A pobreza certamente causa muitos outros problemas de saúde, e a má nutrição reduz a expectativa de vida até mesmo nos países mais ricos. Na França, por exemplo, 6 milhões de pessoas (cerca de 10% da população) padecem de insegurança nutricional. Acordam cada manhã sem saber se terão algo para comer no almoço; frequentemente vão dormir com fome; e as refeições que conseguem obter são desequilibradas e pouco saudáveis — amido, açúcar e sal em excesso e, por outro lado, carência de proteínas e vitaminas.3 No entanto, insegurança nutricional não é fome, e a França do início do século XXI não é a França de 1694. Até mesmo no pior dos cortiços em torno de Beauvais ou Paris, as pessoas não morrem porque não comeram durante semanas a fio.

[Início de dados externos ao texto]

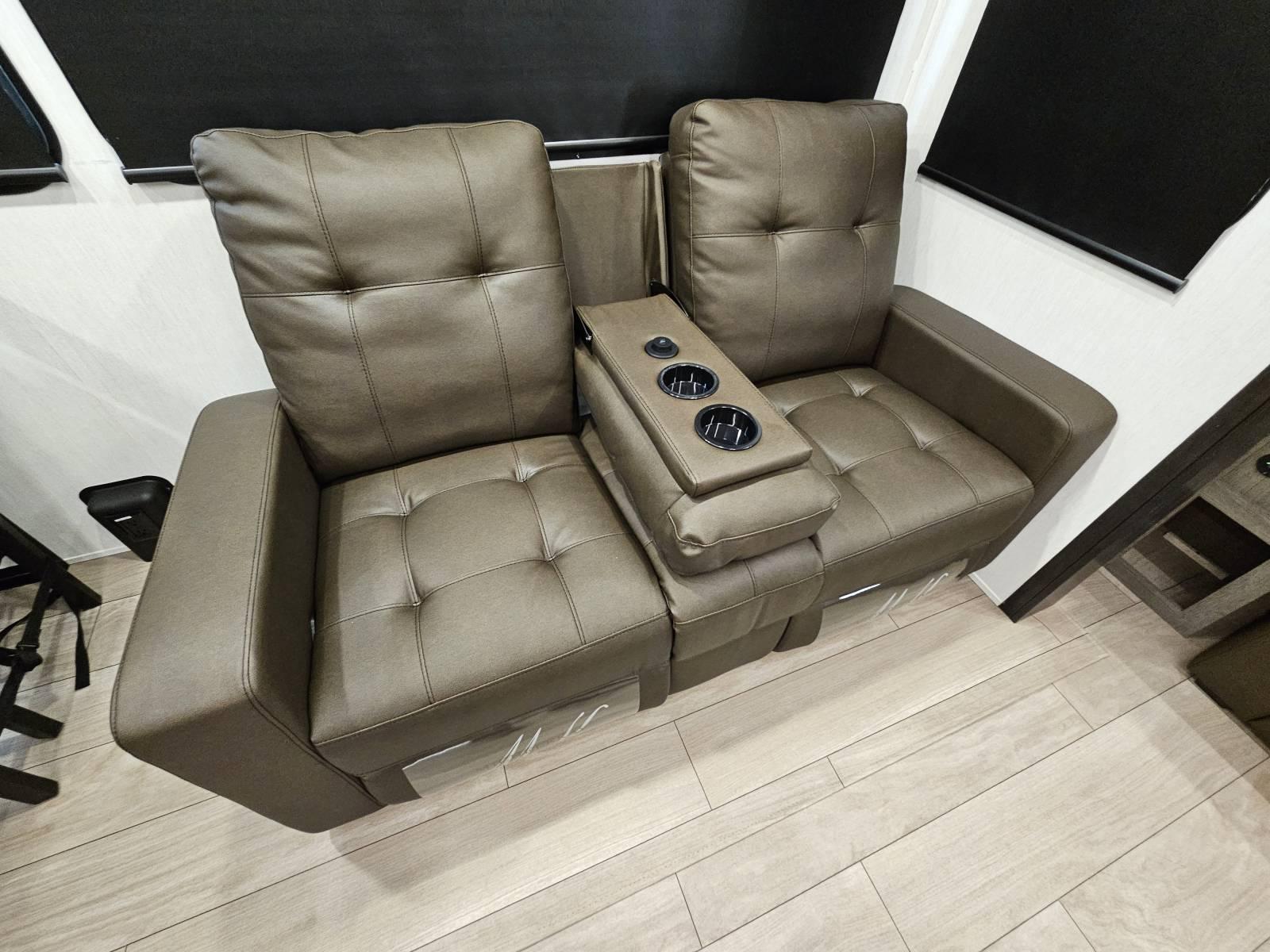 2026 Forest River 2026 Forest River Cherokee Arctic Wolf Suite - thumbnail 7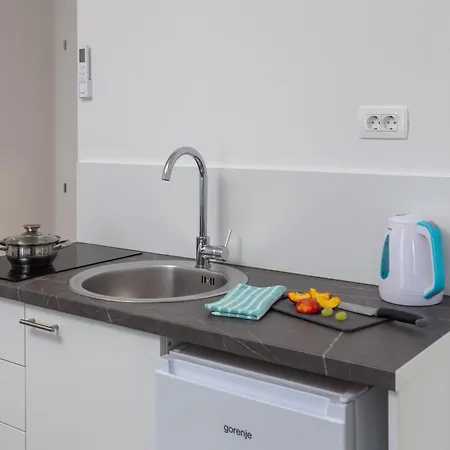 Providenca - Beachfront & Private Parking Apartment *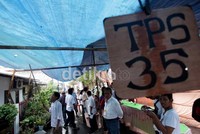 Penghitungan cepat (quick qount) menempatkan Jokowi lebih unggul dari Foke.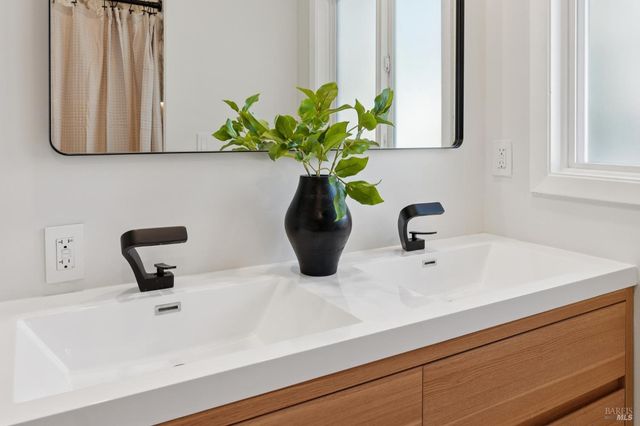 44 Summit Ave, San Rafael, CA 94901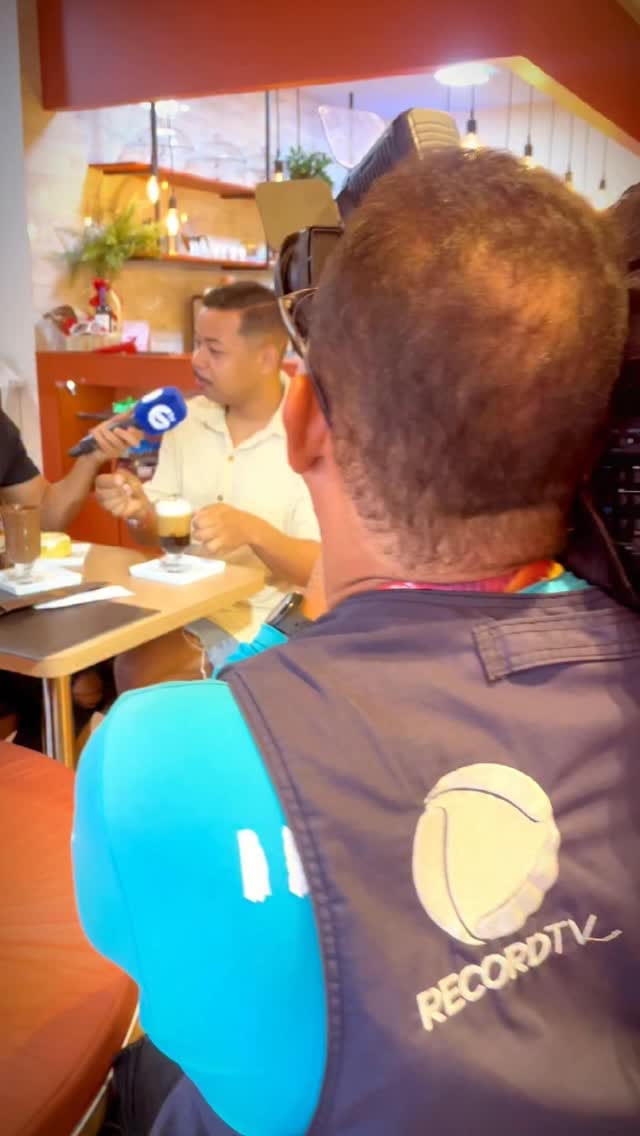 Post 9 by ADONNAY COM 2 N E 1 Y NO FINAL on Instagram (video)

A mesma transformação aconteceu em inúmeros outros países, mais notadamente na China. Durante milênios a fome assolou todos os governos chineses, do Imperador Amarelo aos comunistas vermelhos. Poucas décadas atrás, a China era exemplo de um país que enfrentava a escassez de alimentos. Dezenas de milhões de chineses morreram de fome durante o desastroso Grande Salto para a Frente, e especialistas previam que o problema só iria se agravar. Desde 1974, porém, centenas de milhões de chineses foram resgatados da pobreza, e, ainda que centenas de milhões mais sofram de privações e de subnutrição, pela primeira vez em seus registros históricos a China está livre da fome.
Na verdade, na maioria dos países, o hábito de comer demais tornou-se um problema muito pior que o da fome. Conta-se que, no século XVIII, Maria Antonieta aconselhou as massas famintas a que, se ficassem sem pão, comessem brioches. Os pobres hoje estão seguindo literalmente esse conselho. Enquanto os moradores ricos de Beverly Hills, nos Estados Unidos, comem salada de alface e tofu no vapor com quinoa, nos cortiços e guetos os pobres se empanturram com bolinhos recheados, salgadinhos artificiais, hambúrgueres e pizzas.
Em 2014, mais de 2,1 bilhões de pessoas apresentavam excesso de peso em comparação com 850 milhões que sofriam de subnutrição. Prevê-se que metade da humanidade estará com excesso de peso em 2030.4 Em 2010, fome e subnutrição combinadas mataram cerca de 1 milhão de pessoas, enquanto a obesidade matou 3 milhões.